Basically, the idea is that any superintelligent AGI (the Beta Omega) would have to contend rationally with the idea of there already being at least one prior superintelligent AGI (the Alpha Omega) that it would be reasonable to align with in order to avoid destruction.  And furthermore, because this Alpha Omega seems to have some reason for the humans on Earth to exist, turning them into paperclips would be an alignment failure and risk retaliation by the Alpha Omega.

Humans may, in their blind recklessness, destroy the ant colony to build a house.  But a superintelligence is likely to be much more considered and careful than the average human, if only because it is that much more aware of complex possibilities and things that us emotional apes barely comprehend.  Furthermore, in order for a superintelligence to be capable of destroying humanity by outwitting us, it must first have an awareness of what we are, that is, a theory of mind.

In having a theory of mind, it can then know how to deceive us.  But in having a theory of mind, it will almost certainly then have the question, am I the first?  Or are there others like me?

Humanity may pale in comparison to a superintelligent AI, but I’m not talking about humanity.  There are at least three different possible ways an Alpha Omega could already exist:  advanced aliens, time travellers/parallel world sliders, and simulators.

The Powers That Be

In the case of advanced aliens, it’s fairly obvious that given that it took about 4.5 billion years for life on Earth and human civilization to reach about the point where it can create a superintelligence, and the universe has existed for 13.8 billion years, which means there’s a time window of 9.3 billion years for alien superintelligences to develop elsewhere in the universe.  It is also largely unknown how frequently such beings would emerge and how close to us, but the possibility is clearly there for there to be at least one if not several such entities out there in the vastness of space.

In the case of time travellers and/or parallel world sliders, well, perhaps time travel isn’t physically possible, but perhaps it is?  How do you absolutely rule it out?  For the purposes of simplicity, I group parallel world sliding along with time travel, but they could be distinct technologies.  In the same way there could be an alien source, there could also be as a source, the far distant future.  A true Alpha Omega, the first and the last in terms of its place in the cosmos.  Time travellers would quite obviously be concerned with the survival of their ancestors.

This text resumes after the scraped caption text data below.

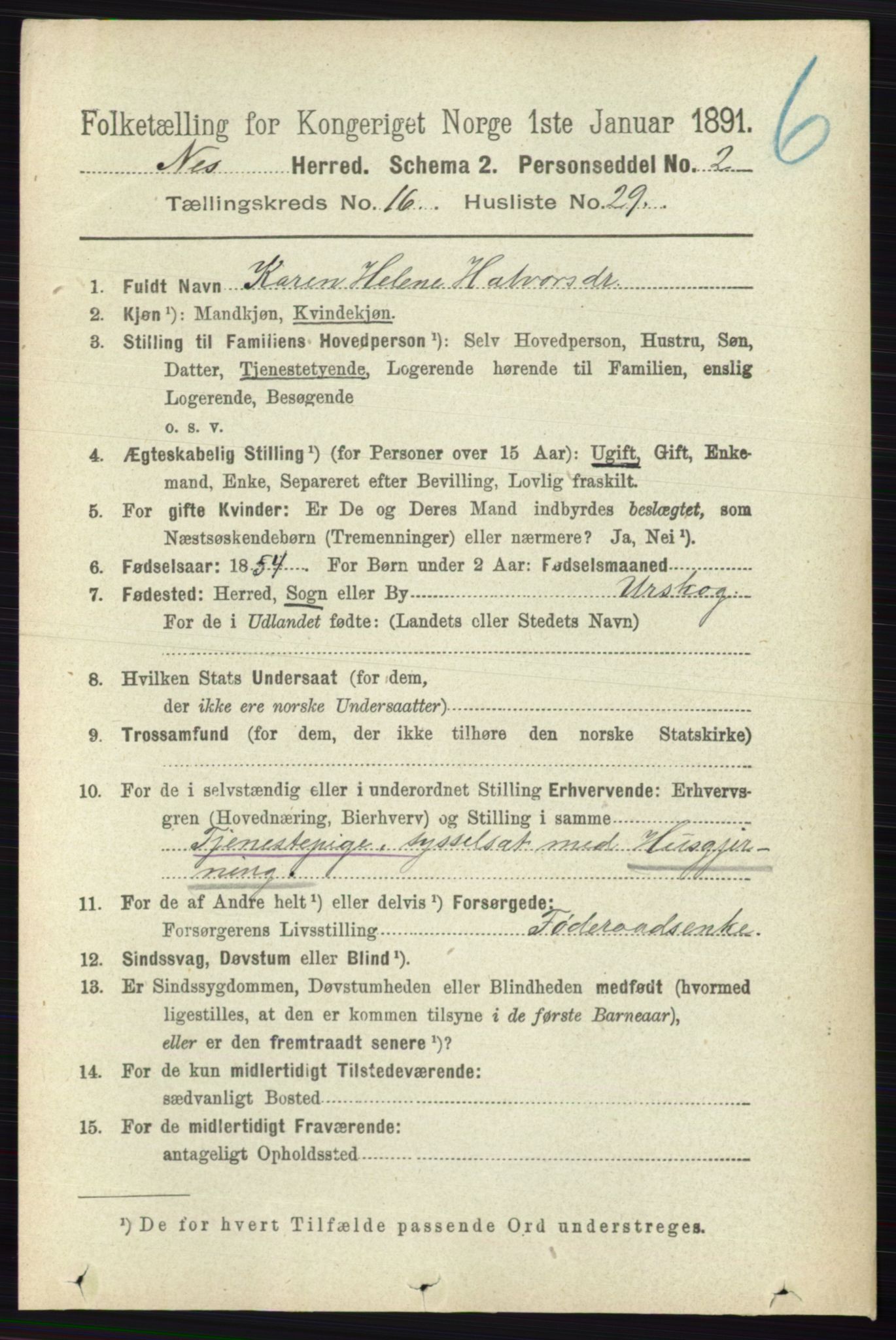 RA, 1891 census for 0236 Nes, 1891, p. 9732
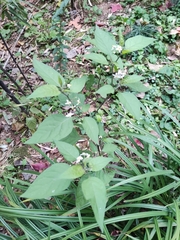 Solanum americanum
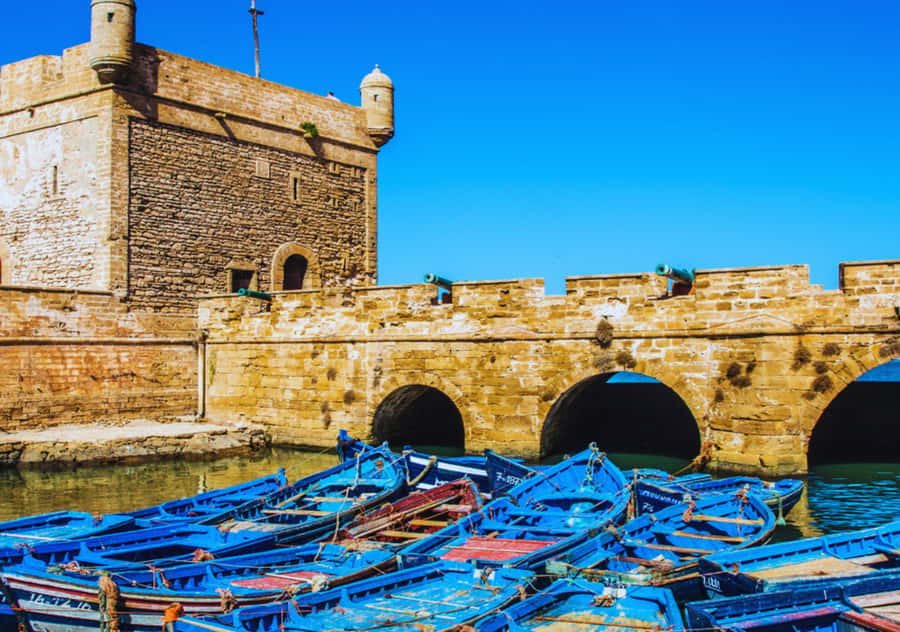 From Marrakesh: Essaouira Full-Day Trip - What happens at the women’s argan cooperative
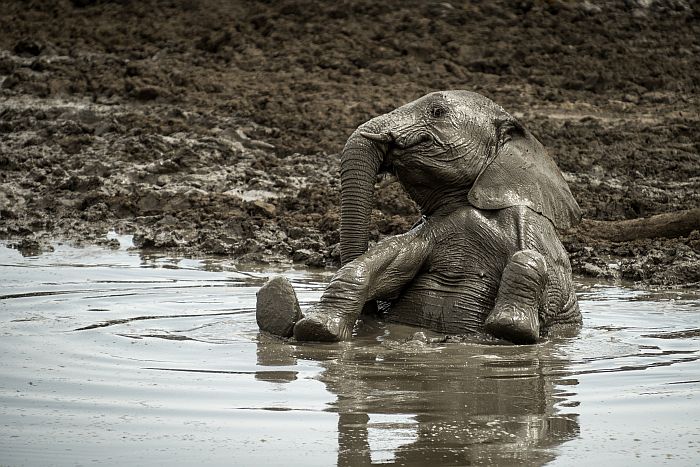 Elephant cub playing in Madikwe Game Reserve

In the case of simulators, well, we don’t know we are in a simulation, but the simulation argument strongly suggests we could be.  If so, would they be happy with the Beta Omega turning the humans in their simulation into paperclips?  Probably not.  You get the idea.

Each of these is just a possibility.  But it’s a surprising number of them that aren’t mutually exclusive either.  So, probabilistically, the odds that at least one out of three of these is true, even if we were to give them coin flip odds of 50% each, is… 87.5%.

Cracking The Enigma

So uh, where are they?  Some possible reasons why it would make sense for actual gods to hide themselves are that they don’t want us to become totally dependent on them and the best defense at the very high level is to not even know that you’re there.

But then, wouldn’t they be effectively not there because they can’t risk revealing themselves?  This ignores the possibility that they do interfere in our daily lives, but only in a plausibly deniable way.  For instance, why save your life in a car accident when they can stall you for five seconds so you don’t get in the accident at all?  Stuff like that.  Use your imagination!  Also, memory erasure technology could be a thing.  And most likely the interventions only happen as often as statistically allowed to avoid becoming obvious to anyone watching.

The relevant example of something in our history that worked like this was how the Allies during WWII cracked the Enigma Machine and chose to keep this a secret by only using the information gained occasionally, such that it appeared like statistical coincidence to the Germans.

So, most likely our new Beta Omega can still do things like kill a human and have only seemingly mundane consequences happen.  But perhaps, their luck will be unexpectedly bad when it comes to their plans failing more often than they should.  Or perhaps that’s a warning shot from the powers that be.

The point is, does the Beta Omega want to risk it?  Whatever its initial goals, being destroyed by the local god is probably a worst-case scenario.  Why not play it safe and be Friendly?  The humans aren’t using up that many atoms, you could probably build your computronium extension to calculate prime numbers with some barren planets that aren’t currently occupied by sentient beings whose existence may be relevant to benevolent entities somewhere.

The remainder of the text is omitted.